■ The task:
The entries below hold a line with "Welcome back. I" and a line with "How to pair: You". Return those lines and all that lie between them, exactly and only.

■ Data records:
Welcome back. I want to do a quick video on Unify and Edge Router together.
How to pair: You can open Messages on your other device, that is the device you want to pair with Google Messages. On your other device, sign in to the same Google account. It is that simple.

* * *

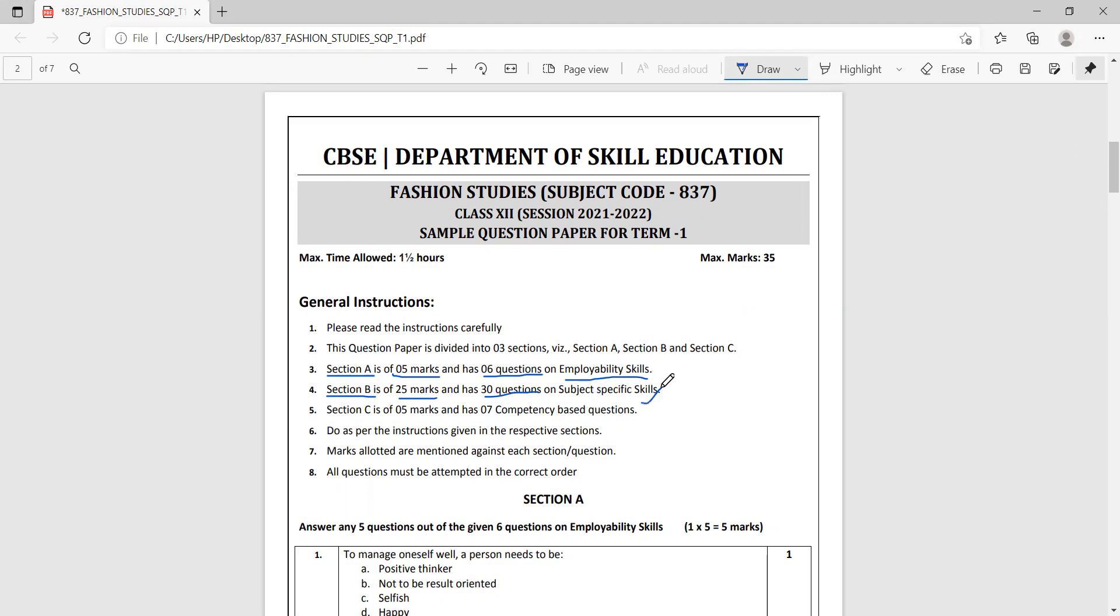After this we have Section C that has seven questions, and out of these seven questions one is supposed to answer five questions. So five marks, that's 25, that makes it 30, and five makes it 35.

■ Response:
Welcome back. I want to do a quick video on Unify and Edge Router together.
How to pair: You can open Messages on your other device, that is the device you want to pair with Google Messages. On your other device, sign in to the same Google account. It is that simple.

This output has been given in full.